Or look at moving on to the next gen drugs; PCSK9 inhibitors. Approved in US last year

Only 15% of your cholesterol is attributed to diet, the rest is genetics and it appears a genetic switch in the liver goes off and hinders absorption in the liver. This drug restores that function.

Also evidence statins lead to dementia.


----------



## sags (May 15, 2010)

I am pretty much the same as you Gibor.

I take a statin, blood thinner and a prescription to control atrial fibrillation. Been taking them for 10 years now.

Sore muscles seems to be a side affect, but I don't know what the alternatives are.

My doctor says diet doesn't have much to do with cholesterol levels, and I am going to a cardiologist to review all the medications as she said they have better drugs available now.

Eat eggs..........don't eat eggs.........eat as many eggs as you like.

Stents are good.........stents are bad.

The truth is that they just don't know everything.


----------



## gibor365 (Apr 1, 2011)

> PCSK9 inhibitors


 Praluent and Repatha are second line treatment (so in addition to Lipitor) and also have bunch of side effects...

I've read good reviews about Kyolic aged garlic, so did experiment  , for 2.5 months stopped taking statins and was taking this Kyolic, and ... Cholesterol/HDL-Ratio significantly increased...



> Only 15% of your cholesterol is attributed to diet, the rest is genetics


 True! Even less is attributed to physical activities (from my own experience)...

Family doctor doesn't want to discuss other options except atorvastatin 
So, there is a big dilemma : high cholesterol or big side effects


----------



## Karlhungus (Oct 4, 2013)

Cholesterol is very misunderstood. You need it to survive. Cell membrane is made up of cholesterol and it is used for brain function. If you do not get enough of it through diet, your body (liver) will produce more of it for your needs. So what about plague build up you say? Only one type of cholesterol can be harmful, small dense LDL. This builds up in your artery walls due to oxidation from sugar or carbs. More info here, http://eatingacademy.com/

DO NOT follow the canada food guide. It is very outdated and has partly led to the obesity epidemic we now see. I started a high fat, low carb diet and all my blood sugar numbers improved. Triglycerides went down, HDL went up, LDL went down. Blood sugar went down. And i lost 30 pounds. My father, who was pre-diabetic, did the same diet, lost 40 pounds. Without any exercise. He went from a pre diabetic state to non diabetic. No statins. 

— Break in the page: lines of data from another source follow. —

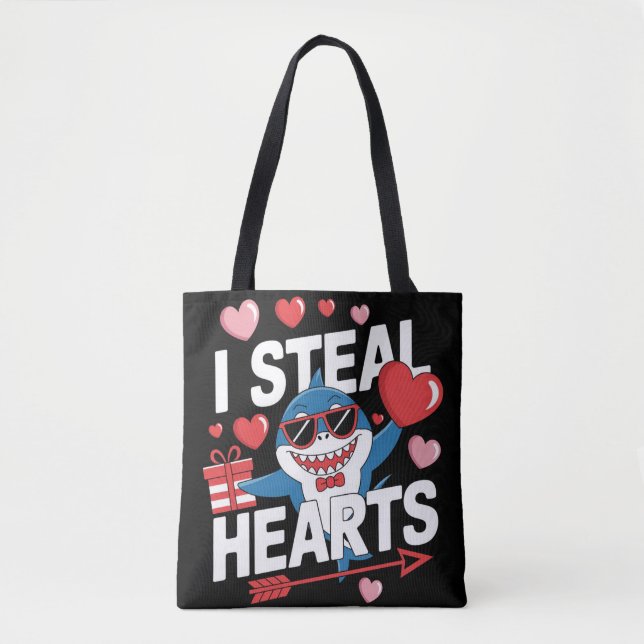 I Steal Hearts - Funny Valentine's Day Shark Tote Bag (Front)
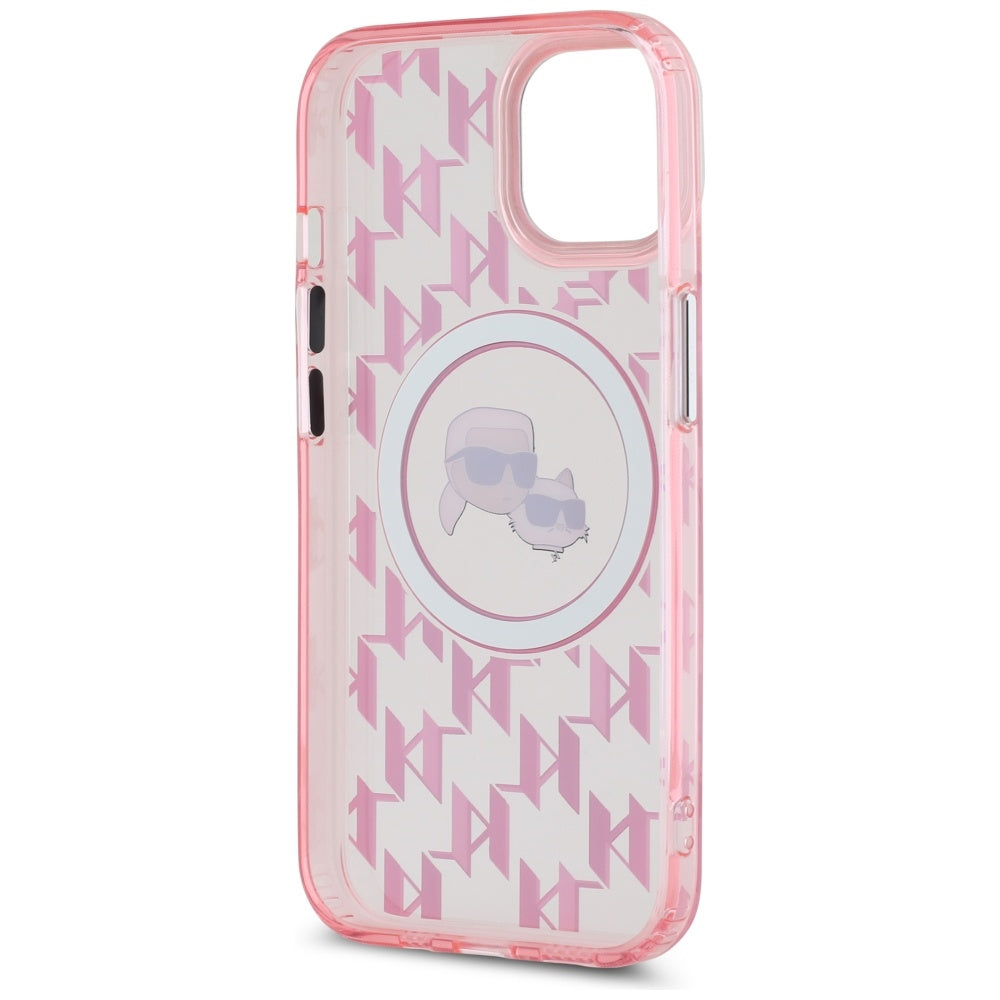 MagSafe futrola za Apple iPhone 15, Karl Lagerfeld, IML Monogram Karl & Choupette's Heads, Roza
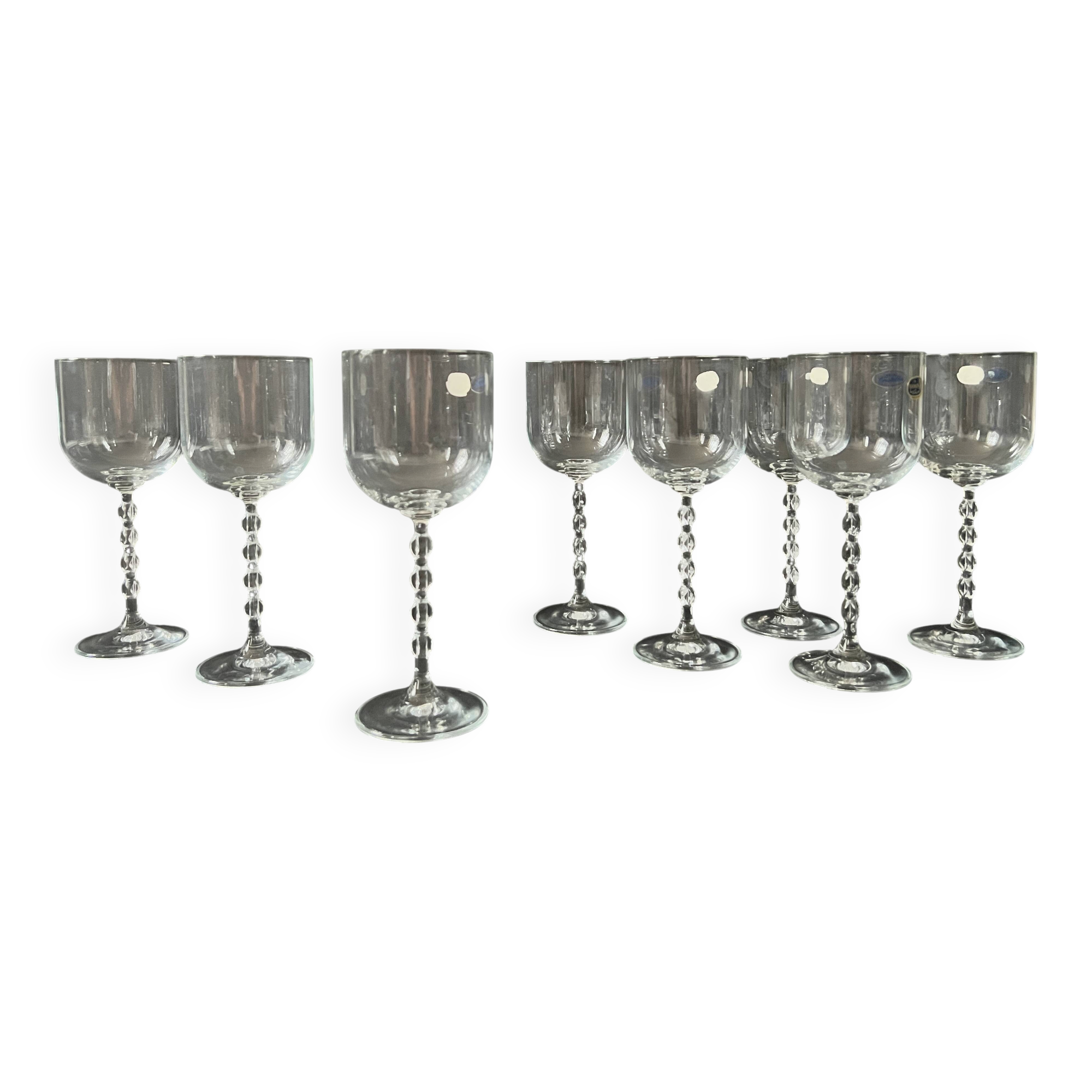 set of 8 genuine crystal wine glasses with Venetian beads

If I were you, I would try a high fat, low carb diet for a month just to see what happens with regular visits to your doctor. My guess is that your statin dose will go lower and lower because your cholesterol numbers will improve so much.


----------



## gibor365 (Apr 1, 2011)

> I would try a high fat, low carb diet for a month


 Could you please expand on this diet?


----------



## gibor365 (Apr 1, 2011)

OK, found a link to this diet
http://www.dietdoctor.com/lchf

It's becoming funny already, this diet is complete opposite of "usual" cholesterol reducing diet 

GP, told me that eggs and seafood are the biggest cholesterol "enemies", and as per LCHF it's all opposite


----------



## Islenska (May 4, 2011)

I do notice from my pharmacist work statin, use has declined.
Many patients complain of side effects and they are pricey drugs!


----------



## Karlhungus (Oct 4, 2013)

gibor said:


> OK, found a link to this diet
> http://www.dietdoctor.com/lchf
> 
> It's becoming funny already, this diet is complete opposite of "usual" cholesterol reducing diet
> ...


Yes it is kind of opposite of what we've been told. However, I would ask, has what we've been told working? If I a GP told you eggs were a cholesterol enemy I would switch GP's, that information is 50 years old. Its stuff from the '70's. I ate a low fat diet for most of my life thinking it was what I should do. Every year I would gain a little weight even though I was active. I was also always hungry. This never sat right with me. A typical day would be; some sort of granola breakfast cereal for breakfast, then an hour or so later being so hungry I could barely take it. Eat a granola bar or something. Sandwhich for lunch. Then at about 3 oclock in the afternoon, crashing hard and being so tired I could sleep anywhere. Regular dinner then be hungry again before bed. What was happening was a blood sugar roller coaster all day. Ive now switched to bacon eggs and cheese for breakfast. Not hungry at all for the rest of the day, skip lunch. Eat dinner. Sometimes even forget to have dinner because im still not hungry. Dinner usually consists of some type of meat, and vegetables. If I have pasta it is made with spaghetti squash. I feel much much better eating this way and all my health numbers improved. When i eat yogurt, its the fattest kind I can find. (when products are low fat, the fat is replaced with bad stuff). Coffee has 35% cream in it. etc. etc. I can tell you more if you're interested. 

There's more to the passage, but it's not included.